This article describes RSMON distributed monitoring system basic principles and may be interesting for specialists interested in increased reliability of monitoring as well as in monitoring centralization, flexibility and minimization of false states.
The main goal of every monitoring system is to form a valid picture of the status of the network and equipment, but like any resource, the monitoring system is subject to periodic disruption which requires the duplication of controlling elements. In our case Nagios instances and, in the case of a high load, the Nagios node distribute the load between different nodes.
Nagios duplication is not difficult. It can be easily handled by a couple of shell scripts that use rsync/svn or other mechanisms to replicate configuration.
Load distribution is more complicated because its use should be restricted to either an administrative division or use of complex automated mechanisms based on Nagios add-ons.
In this case, every Nagios instance itself is an additional monitoring point which requires user intervention. Simple Nagios multiplication leads to unnecessarily large points which makes impossible growth of monitoring over some number of Nagios instances.
Other problems include false-negative reports. For example, we see that Nagios1 shows that server1 service SSH has connect timeout alert but Nagios2 does not show such timeout. Do we trust Nagios1 or Nagios2? To manually resolve this, a few items need to be compared such as: time of last check, state of this check, or service status in Nagios3. A manual check may also be performed. All of this takes additional time and requires human intervention.
It is possible to check one service, or two, or even five, but in our practice we often experience temporary unavailability of some routes. In this case, Nagios1 in Europe can not view 1-2 hundred servers in the USA (and 1-2 thousands of services), but Nagios2 in USA (and Nagios3 in Asia) check these services and find that it is working properly.
Almost all of the problems similar to these are solved by developing the REMSYS Monitoring interface.
The RSMON system is based on Nagios (as a main monitoring element) and NDOutils as a database back-end.
RSMON is not only a visual interface, it is a complete solution, which includes multiple Nagios instances, secure and reliable transport for Nagios messages to central database, and decision system and visualization interface.
Multiple Nagios instances are used to monitor required hosts and services. There are 2-3 major monitoring servers with common configuration and 3-5 specific servers where each handles its own list of services. (Formerly, hosts were inside private networks, and administrative infrastructure was distinguished from the public network).
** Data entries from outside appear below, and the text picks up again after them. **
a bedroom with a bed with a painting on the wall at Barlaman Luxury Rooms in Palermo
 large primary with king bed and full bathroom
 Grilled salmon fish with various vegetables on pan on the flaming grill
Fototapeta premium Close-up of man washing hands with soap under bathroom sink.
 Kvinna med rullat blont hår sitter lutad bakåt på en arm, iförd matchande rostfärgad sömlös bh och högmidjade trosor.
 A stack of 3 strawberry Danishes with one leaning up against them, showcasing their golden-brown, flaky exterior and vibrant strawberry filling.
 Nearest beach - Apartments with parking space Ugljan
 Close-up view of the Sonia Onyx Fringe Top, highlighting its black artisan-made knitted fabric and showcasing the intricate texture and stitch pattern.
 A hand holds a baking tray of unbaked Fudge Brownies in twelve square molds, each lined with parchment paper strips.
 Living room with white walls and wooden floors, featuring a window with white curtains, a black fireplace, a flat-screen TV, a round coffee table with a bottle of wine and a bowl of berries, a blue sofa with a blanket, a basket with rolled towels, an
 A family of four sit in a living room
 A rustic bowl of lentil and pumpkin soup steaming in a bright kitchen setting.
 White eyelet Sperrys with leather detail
Currently, RSMON performance is very high and makes large horizontal expansion of monitoring system possible.
In our case, one main Nagios instance is working on a single quad core Intel i7 920 (2.67GHz) which makes the load average 1.8-6 at 1 minute intervals (15% CPU time at load) and monitors about 700 hosts with 7000 services. Three Nagios instances monitors 95% of servers. Other 5% monitored by their own instances.
Information from all instances is sent to RSMON, where a decision is made on each event in real-time. Then, the web-interface of RSMON is used to view the current network map of 5-20 active web pages with a 90 second refresh interval. Also, our inventory system has been integrated with RSMON, which allows our customers to see the current status of our own hardware.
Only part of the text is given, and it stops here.